WHAT THE TASK REQUIRES
Once you find the line containing "visualization and analysis", output it and every line after it to the end of the records, exactly.

------------------------------

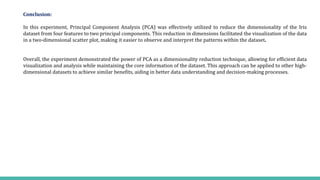 Conclusion:
In this experiment, Principal Component Analysis (PCA) was effectively utilized to reduce the dimensionality of the Iris
dataset from four features to two principal components. This reduction in dimensions facilitated the visualization of the data
in a two-dimensional scatter plot, making it easier to observe and interpret the patterns within the dataset.
Overall, the experiment demonstrated the power of PCA as a dimensionality reduction technique, allowing for efficient data
visualization and analysis while maintaining the core information of the dataset. This approach can be applied to other high-
dimensional datasets to achieve similar benefits, aiding in better data understanding and decision-making processes.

------------------------------

SOLUTION FOR THIS PROBLEM
visualization and analysis while maintaining the core information of the dataset. This approach can be applied to other high-
dimensional datasets to achieve similar benefits, aiding in better data understanding and decision-making processes.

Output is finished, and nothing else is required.